Personal information
- Date of birth: February 27, 1905
- Place of birth: Johnstone, Scotland
- Date of death: November 30, 1984 (aged 79)
- Place of death: Yonkers, New York, U.S.
- Position(s): Center Forward

Senior career*
- Years: Team / Apps / (Gls)
- Yonkers Thistle
- 1923–1928: Brooklyn Wanderers / 126 / (101)
- 1928: Fall River / 14 / (10)
- 1928–1929: J&P Coats / 12 / (7)
- 1929–1930: New York Nationals / 82 / (93)
- 1930–1931: → New York Giants / 16 / (12)

= John Nelson (soccer, born 1905) =

Scottish American footballer (1905-1984)

Johnny Nelson (February 27, 1905 – November 30, 1984) was a Scottish American soccer center forward who ended his career as the second leading scorer in the history of the first American Soccer League. He was posthumously inducted into the National Soccer Hall of Fame in 2005.

==Professional career==
At some point as a teenager, Nelson joined the semi-professional Yonkers Thistle of the New York State League. In the spring of 1924, he signed with the Brooklyn Wanderers of the American Soccer League. He played only four games, scoring one goal. While these numbers give little indication of his goal scoring prowess, his first full season in the league showed his full worth. He stormed to fifth place on the goals table with twenty-four in thirty-three games. Before Brooklyn traded him to the Fall River for George Graham in March 1928, he scored 101 goals for the team. Nelson played only eleven games at the end of the 1927–1928 season and another three at the start of the 1928–1929 season in Fall River before he jumped to J&P Coats for twelve games. He then moved to the New York Nationals for the end of the season. On May 18, 1929, Nelson scored two goals for the Nationals in a 2–2 tie with the Providence Clamdiggers in the final of the 1929 American Cup. The Nationals won the rematch two days later. Nelson remained with the Nationals, renamed the New York Giants in 1930, until an April 5, 1931 knee injury ended his career.

==Post soccer career==
With his career over at age twenty-six, Nelson spent the next thirty years designing carpets for Alexander Smith and Sons Carpet Company of New York City.
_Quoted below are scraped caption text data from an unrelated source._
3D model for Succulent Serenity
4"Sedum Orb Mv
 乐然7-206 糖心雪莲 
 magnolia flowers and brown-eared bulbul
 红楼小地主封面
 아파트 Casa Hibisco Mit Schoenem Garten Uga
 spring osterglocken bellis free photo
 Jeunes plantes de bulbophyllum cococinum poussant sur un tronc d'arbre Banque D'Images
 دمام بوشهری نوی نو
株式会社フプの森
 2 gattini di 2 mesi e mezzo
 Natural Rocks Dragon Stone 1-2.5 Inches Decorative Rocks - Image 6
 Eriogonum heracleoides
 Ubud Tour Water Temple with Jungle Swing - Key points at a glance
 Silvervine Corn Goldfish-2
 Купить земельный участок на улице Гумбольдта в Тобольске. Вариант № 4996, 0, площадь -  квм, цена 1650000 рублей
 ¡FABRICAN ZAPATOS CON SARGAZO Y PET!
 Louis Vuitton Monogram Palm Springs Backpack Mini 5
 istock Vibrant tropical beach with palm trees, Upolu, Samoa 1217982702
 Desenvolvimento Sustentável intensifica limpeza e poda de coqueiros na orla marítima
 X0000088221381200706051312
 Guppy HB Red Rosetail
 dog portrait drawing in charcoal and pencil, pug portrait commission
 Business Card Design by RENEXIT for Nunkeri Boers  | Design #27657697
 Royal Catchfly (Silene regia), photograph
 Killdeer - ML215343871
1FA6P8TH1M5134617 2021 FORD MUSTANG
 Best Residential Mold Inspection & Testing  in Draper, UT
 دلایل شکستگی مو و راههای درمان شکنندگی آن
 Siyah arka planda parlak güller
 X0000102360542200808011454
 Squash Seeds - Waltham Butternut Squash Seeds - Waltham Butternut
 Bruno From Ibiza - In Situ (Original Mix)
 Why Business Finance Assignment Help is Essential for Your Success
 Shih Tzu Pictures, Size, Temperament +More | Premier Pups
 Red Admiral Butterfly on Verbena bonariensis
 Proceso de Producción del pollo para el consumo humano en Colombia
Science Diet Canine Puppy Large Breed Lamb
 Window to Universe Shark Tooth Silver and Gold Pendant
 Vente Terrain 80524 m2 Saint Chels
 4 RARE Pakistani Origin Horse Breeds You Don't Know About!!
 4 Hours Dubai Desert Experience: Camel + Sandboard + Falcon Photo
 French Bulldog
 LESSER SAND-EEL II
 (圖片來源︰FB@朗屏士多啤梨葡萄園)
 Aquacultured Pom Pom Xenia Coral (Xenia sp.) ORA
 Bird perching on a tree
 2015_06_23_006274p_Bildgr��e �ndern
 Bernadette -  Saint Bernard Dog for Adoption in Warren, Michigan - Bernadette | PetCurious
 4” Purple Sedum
==National Soccer Hall of Fame==
The U.S. National Soccer Hall of Fame inducted Nelson in 2005 as part of a process of recognizing significant pre-1950s players. According to the Hall of Fame, "We were aware that in the early decades of the Hall of Fame a number of outstanding players had slipped through the cracks of the selection process. In order to correct these oversights we established a Blue Ribbon panel consisting of historians Colin Jose, Roger Allaway and Hall of Famer Walter Bahr, to review the credentials of all Veterans from the pre-NASL era. Out of a total of 150 players who met the eligibility criteria, the panel unanimously recommended, and the Board approved, the special induction of these five players." Nelson was among the five selected.